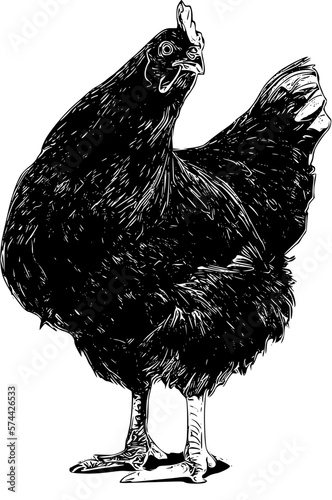 hen and chicken
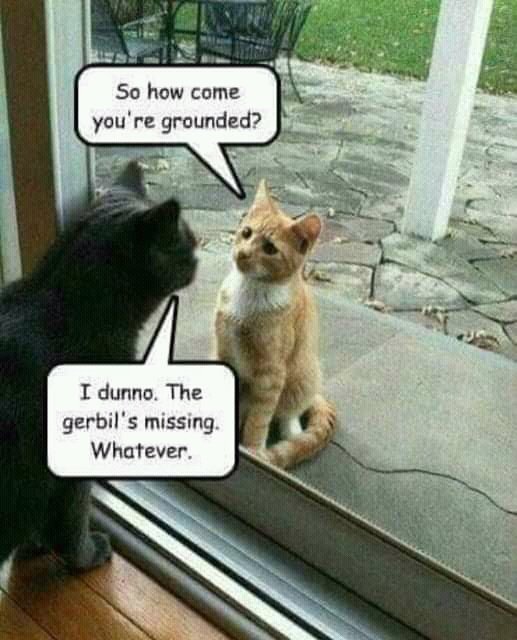ChampneyLisa's tweet image. #HowISolveProblems
Grounding! 😎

** Work to complete **
In your copy, restate the data above word for word but leave out any picture.

** Expected answer **
 hen and chicken
ChampneyLisa's tweet image. #HowISolveProblems
Grounding! 😎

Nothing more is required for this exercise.